Soyut dışavurumcu sanat, gelişen bu modern evrimin bir parçasıdır ve bunun içindir ki, insan kimliğinin yitirilişine karşı isyankar bir tutum sergilemiştir. Toplumun baskısı ve

21

kötü gidişi altında aydınların ve sanatçıların çektiği acı, onları kendinden başka erek aramayan soyut bir sanat anlayışına yöneltmiştir. Dolayısyla Soyut dışavurumcu sanat; öznenin iç dünyasında yaşadığı çatışma, yabancılaşma, terkedilmişlik, tükenmişlik ve nesnelleşme gibi psişik sorunların yaşandığı trajik gerçekliğe karşı tepkisel tavırları yansıtmaktadır. Trajik duygu yoğunluğu yüzünden acı çeken sanatçı, en azından kendi varoluşunu ve ruhsal deneyimini yapıt üzerinden soyut bir ifadeye dönüştürdüğü görülmektedir. Trajik duyguların yarattğı gerilim ve öfkenin tuvale yansıma biçimi ise, iç güdüsel bir ifadeyle ve kendiliğinden gelişen spontan eylemlerle gerçekleşir. Amerikalı soyut dışavurumcu sanatçı Robert Motherwell şu ifadeyi kullanır: “Soyut dışavurumculuk, estetik güzellikte olduğu kadar öfkeyle dolu olan bir Amerikan sanatıydı” (Hodge, 2013: 162). Yine benzer bir ifadeyle Motherwell, 1951 yılında soyut dışavurumcunun modern yaşama yanıtını şöyle tanımlar: “Soyut dışavurumcu sanatta asi, bireyselci alışılmışın dışında, duyarlı, irkiltici…vb. davranışlar evrendeki huzursuzluk duygusundan kaynaklanmaktadır (Fineberg, 2014:37).

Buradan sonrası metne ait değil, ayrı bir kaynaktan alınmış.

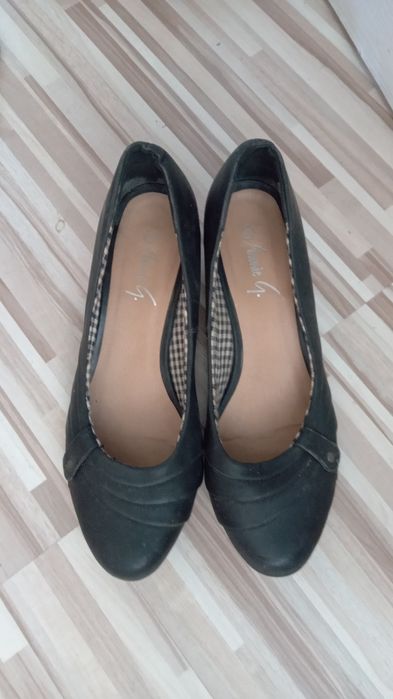 Super Czółenka czarne 40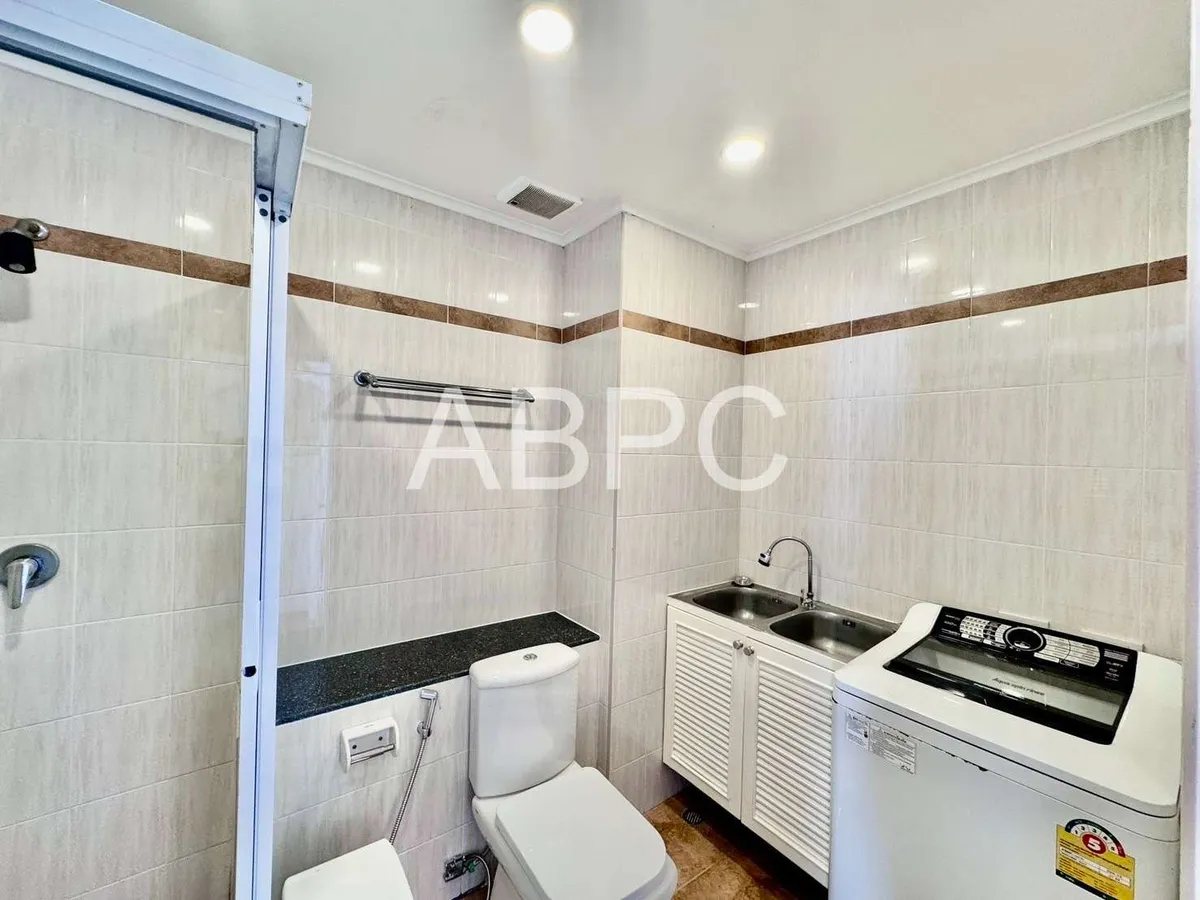 Metro Jomtine Condo Duplex photo 15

Diğer taraftan Robert Motherwell, sanatçının toplumla olan ilişkisine gayet çarpıcı bir açıklama getirir. Motherwell’in eleştirdiği konu, modern denilen bir takım sanatçıların yıldızlaştırılmasıyla ayrıcalıklı bir yere konulmasıdır. Motherwell’e göre, sanatçının farklı bir konuma taşınması ve ayrıcalıklı görülmesi, sanatçı ve toplum arasında ilişkide ciddi bir kopukluk yaratıyordu. Oysa tarihi açıdan kimsenin kimseden bir farkı ve önemi yoktu (Yılmaz, 2006: 168). Sonuçta, sanatçı da herkes gibi yaşadığı dönemin ve toplumun içinde kendi varoluş mücadelesini veren bir kişilikti. Kendi zamanının toplumsal koşullarını göz ardı etmeyen ve sosyolojik sorunlarına karşı da içten ve samimi duyarlılık gösteren sanatçı, bireysel ifade tarzını soyut bir biçim diline dönüştürerek kendi iç dünyasını aktarmaya çalışıyordu. Fakat bu soyut dışavurumcu aktarım biçiminde dikkat çeken başlıca konulardan biri; sanatta “etik” kavramıydı. Motherwell, 1954 yılında yazdığı makalede: “Ressamların resim sanatıyla ilgili değerlendirmelerini öncelikle etik alanında yaptıklarına inanıyorum. Estetik değerlendirme daha sonra geliyor, o da etik bağlamdan yola çıkıyor” diyordu. Motherwell’in sanatın etik yönüne olan ilgisinde temel sorusu şuydu: “Bir insan nasıl yaşamalıydı?” Motherwell’e göre: “yalnızlık hissi ve dünya arasında bir uçurumun bulunduğu modern toplumlarda sanatçı, “bir birey olarak tek başına var olmak” mücadelesinin üstesinden gelmek için her zaman kendine bir çıkış yolu

22

aramaktaydı. Materyalist bir politikayla biçimlenen toplumda “etik” değerlerin güç ve propagandalar içinde yok oluşuna karşı sanatçının kendini yalnız ve yabancı hissetmesi, ruhsal açıdan nihilizme varan bir boşluk ve hiçlik duygusunu ortaya çıkarmaktaydı. Bu dipsiz ve yönü belirsiz “ruhsal boşluk” ise, sanatçıyı yeni riskler almak zorunda bırakmıştır. Artık, materyalist toplumda meydana gelen etik çöküşe muhalif olan soyut dışavurumcu sanatçının alacağı risk, cesaretli bir atılımı öngörmekteydi. Sanatçıyı soyutlamaya ulaştıracak bu cesaretli atılım, modern dünyanın olumsuzluklarına karşı isyankar bir reddediş duygusunu açığa çıkarmıştır. Mark Rothko, sanatçının cesareti ve aykırı tavrı hakkında şu açıklamayı yapar:

“Sanat bir risk ve cesaret işidir. Sahte bir güven ve dayanışma duygusundan kurtulan sanatçı, vazgeçttiği her türlü teminat arasında plastik banka hesap defterini çöpe atmayı göze almalıdır. Ancak, her türlü güven duygusundan kurtulan kişi aşkın deneyimlere açık hale gelir” (Antmen, 2010: 156).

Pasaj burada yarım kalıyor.